If AppEsteem needs something like the CSA to be effective, the CSA needs something like AppEsteem to be relevant.
AppEsteem’s third response is a short blog posted on the same day as CSA published its report – Thursday, 10 May 18. There is no indication of any rapprochement with the CSA. “But we also want to be clear,” writes the author: “if you think it’s fine to treat consumers as exploitable targets for deceptive and aggressive software, we totally understand your desire for us to leave you alone. We strongly suggest you either get on board or find something else to do with your time, as we’re going to continue to tune our Deceptor program to find even more effective ways to disrupt your ability to hurt consumers.”
The way forward
It is hard to see how any outright deceptive app produced by developers simply out to get as much money as possible will ever be persuaded by force of argument alone to abandon deceptive practices. This seems to be the approach of the CSA; and it appears – on the evidence of its website – to have achieved little in its three to four years of existence.

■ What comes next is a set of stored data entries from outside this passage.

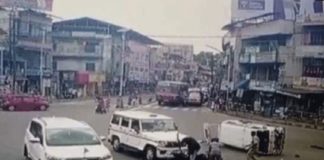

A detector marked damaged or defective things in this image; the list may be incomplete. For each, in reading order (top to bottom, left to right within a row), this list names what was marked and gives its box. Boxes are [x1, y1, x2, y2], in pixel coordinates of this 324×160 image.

overturned vehicle [205, 120, 286, 155]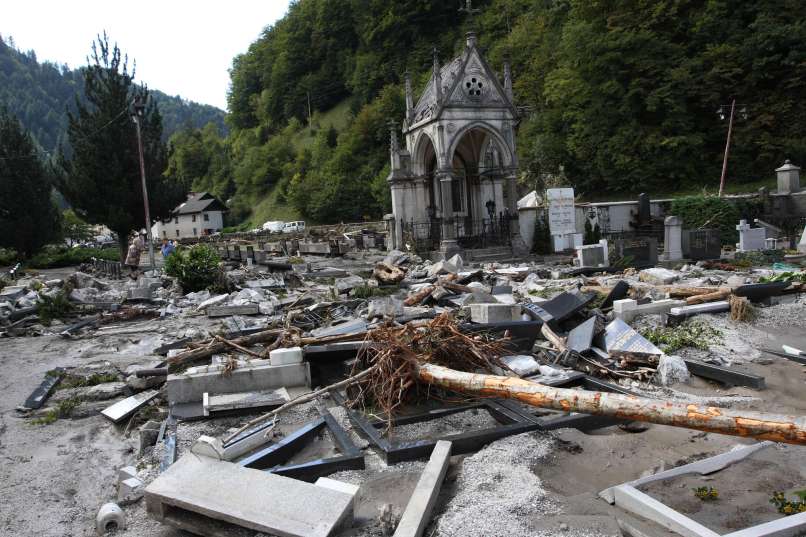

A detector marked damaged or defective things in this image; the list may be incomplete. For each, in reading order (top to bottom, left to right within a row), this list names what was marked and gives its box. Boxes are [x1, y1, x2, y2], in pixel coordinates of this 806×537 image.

rusty metal bar [416, 364, 806, 444]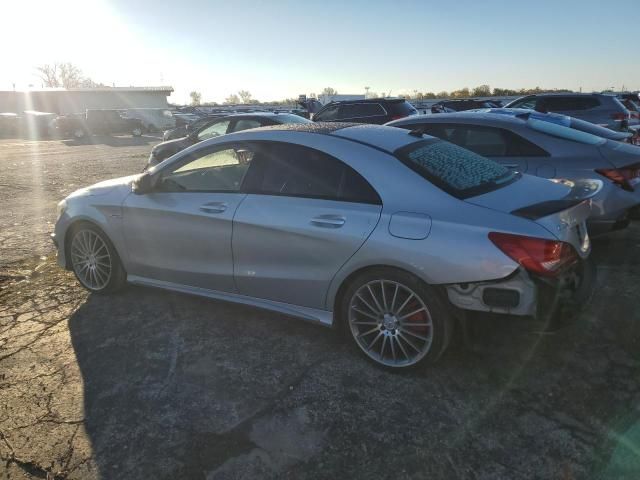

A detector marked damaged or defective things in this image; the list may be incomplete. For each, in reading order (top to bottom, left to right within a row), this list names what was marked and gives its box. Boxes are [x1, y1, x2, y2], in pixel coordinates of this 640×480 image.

damaged rear bumper [448, 258, 596, 322]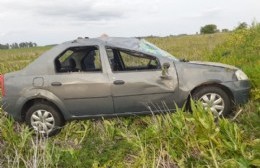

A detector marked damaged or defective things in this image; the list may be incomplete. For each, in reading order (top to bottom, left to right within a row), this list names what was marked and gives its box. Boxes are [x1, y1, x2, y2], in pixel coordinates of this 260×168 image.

damaged car [0, 36, 252, 135]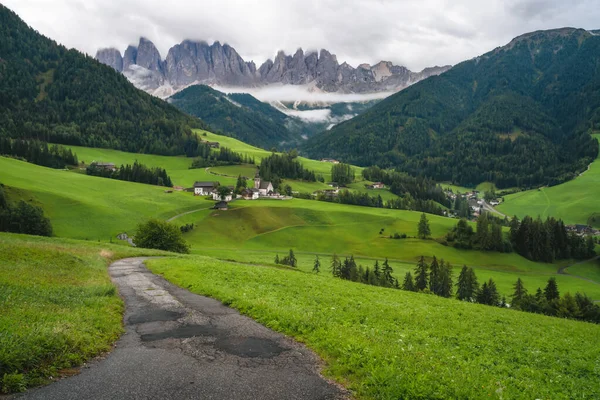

Indeed, the one and only report the CSA has published is the report criticizing AppEsteem. Before that, the previous publication seems to be ‘update #7’, probably written around March 2016.
If the CSA has achieved anything, it is not saying so. At the very least, it could be urged to be more transparent in its operations and achievements – even a list of members would be useful.
Meantime, if the new CleanApps.org gathers pace and support, the CSA itself will become increasingly irrelevant in the battle against deceptive apps; that is, potentially unwanted programs.